The British company, which hires out diggers and tools on short-term contracts, reported profit and revenue up 87 percent and 20 percent respectively, prompting an upgrade to its profit forecast for the coming year.
Ashtead has upped its forecasts at every announcement for the past seven quarters despite construction markets on both sides of the Atlantic only now starting to recover from a spectacular bust that began in 2007.
Chief Executive Geoff Drabble attributed the success to cuts made early in the recession and investment in customer service thereafter, allowing the company to win market share.
“Without any great fancy initiatives per se, we’ve just become a lot more efficient and, bizarrely, the recession was the making of us,” he said. “Out of necessity we saw what we could do, it changed people’s mindset.”
Ashtead’s performance belies the American Rental Association’s prediction for 6.9 percent industry revenue growth in 2013.

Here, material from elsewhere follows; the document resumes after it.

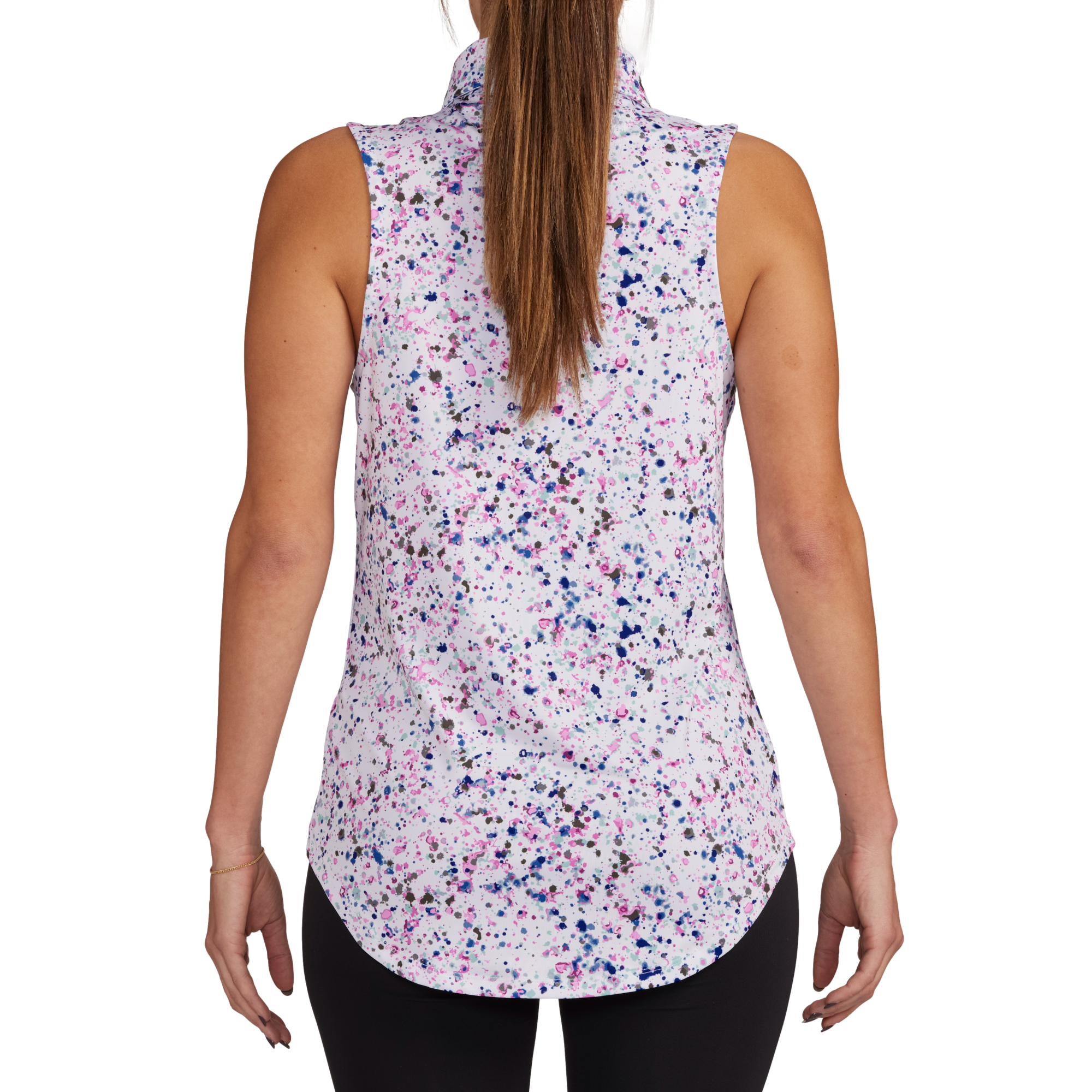 Paint Splatter 3 Sleeveless Polo Shirt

Drabble said the sector’s recovery remains volatile in the United States, which accounts for 95 percent of Ashtead’s operating profit, but added that residential markets had picked up and that he expects more private non-residential activity next year and government spending in the following two years.
In Britain, where Ashtead is more reliant on big companies such as Balfour Beatty (BALF.L) for its work, Drabble is less upbeat.
”It’s still pretty tough out there. There’s great work in London and there’s not much work going on anywhere else,“ he said. ”Government expenditure remains depressed and, more importantly, unclear in terms of direction.
“There are, periodically, great sound bites about investing in infrastructure. I’ve yet to see anything come out of those soundbites.”
There are, however, small signs that housebuilding has started to recover, partly because of government schemes such as Help to Buy and Funding for Lending.
British construction output in April showed the smallest annual fall in almost 18 months, raising hopes that the sector might contribute to economic growth in the second quarter.
Despite the apparent gloom, Ashtead isn’t looking to expand in emerging markets, such as those in Latin America or the Middle East, any time soon.
“The problem with the developing markets is that we give people relatively expensive bits of equipment for relatively little money and we presume we’ll get them back,” Drabble said.
“Do we cast a wistful eye periodically at other geographies? Yes, we do, but I don’t think anything is imminent.”
Analysts seem to have faith in his strategy. In a Thomson Reuters poll of 15 analysts, only one rated Ashtead a “hold”, with none giving a “sell” rating.
The company’s shares, which were the fourth-highest FTSE 250 riser in the past 12 months, were up 4.9 percent by 7:16 a.m. ET.